Dibujo de Antonio Mingote en la página 77 del catálogo

Podríamos comparar, según esto, los dibujos de Mingote con las cajas enigma, artificiosamente dispuestas, como un conjunto de piezas dispuestas para ser abiertas o «puestas en escena»: el enigma no reside propiamente en el mensaje que eventualmente podría haberse depositado previamente en el interior de la caja, sino en el mismo desciframiento de las relaciones entre las piezas ofrecidas y de lo que se contiene tras ella. No se busca, según esto, tanto la sorpresa y el descubrimiento que la caja pueda encerrar, cuanto el desciframiento de las relaciones entre las partes que aparecen envueltas en el fenómeno global.

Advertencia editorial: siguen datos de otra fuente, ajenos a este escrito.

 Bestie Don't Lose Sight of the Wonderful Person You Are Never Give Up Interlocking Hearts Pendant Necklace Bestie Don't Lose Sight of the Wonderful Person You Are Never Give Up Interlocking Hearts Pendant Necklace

2. Ahora bien, aunque se conceda la condición de ingenios objetivos a los dibujos de Mingote es obvio que esta condición sigue siendo muy genérica, entre otras cosas porque la naturaleza de los fines operis de los diferentes ingenios es muy diversa. Hay ingenios (sean cajas negras, sean cajas enigmáticas, sean cajas transparentes) que, aunque por su génesis, proceden de operaciones humanas, por estructura han segregado aquella génesis: son ingenios automáticos (como por ejemplo, las ruedas de canjilones que elevan el agua de un río, que podemos contemplar instalados en el Guadalquivir). Hay otros ingenios que requieren la intervención del sujeto operatorio que los interpreta, ingenios operativos, y a esta clase de ingenios pertenecen, desde luego, como hemos dicho, los de Mingote. Pero aun dentro de esta misma clase de ingenios, ofrecidos a la manipulación o a la interpretación del sujeto, habrá que distinguir los ingenios irónicos o de humor, de los ingenios neutros a ese respecto; ingenios que, sin embargo, podrían ser lúdicos, como sería el caso de las cajas enigmas.

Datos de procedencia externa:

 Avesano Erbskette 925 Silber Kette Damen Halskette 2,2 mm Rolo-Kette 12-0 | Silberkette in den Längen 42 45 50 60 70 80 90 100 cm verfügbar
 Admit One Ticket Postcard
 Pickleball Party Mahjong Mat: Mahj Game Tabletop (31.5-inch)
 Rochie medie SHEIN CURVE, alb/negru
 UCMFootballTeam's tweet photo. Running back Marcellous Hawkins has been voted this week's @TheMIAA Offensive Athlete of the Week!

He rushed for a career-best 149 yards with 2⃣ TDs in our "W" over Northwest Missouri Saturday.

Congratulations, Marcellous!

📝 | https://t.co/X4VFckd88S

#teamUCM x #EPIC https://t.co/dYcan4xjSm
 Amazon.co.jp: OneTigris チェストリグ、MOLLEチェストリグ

Hay muchos ingenios que, por su intención, tienen un carácter neutro, no tienen intención irónica o humorística, como puedan serlo las adivinanzas usuales, ya en sociedades primitivas, pongamos por caso, las adivinanzas de los fang («una bola recorre el cielo todos los días»; este ingenio es ofrecido a los miembros del grupo para obtener de ellos la respuesta que parece adecuada, en este caso, «el Sol»). Estas adivinanzas no tienen probablemente una intención irónica o humorística; su funcionalismo, antes que crítico es más bien pedagógico, y orientado a fijar conceptos dados en el mundo práctico, mediante metáforas estereotipadas. Sin duda, las adivinanzas o los problemas adivinanza, pueden estar muy cerca de la ironía, sobre todo si la metáfora o la metonimia que ellos piden llevar a cabo requiere una catacresis característica, como sería el caso del enigma de la esfinge, preguntando por el animal que de niño anda a cuatro patas, de adulto a dos y de viejo a tres.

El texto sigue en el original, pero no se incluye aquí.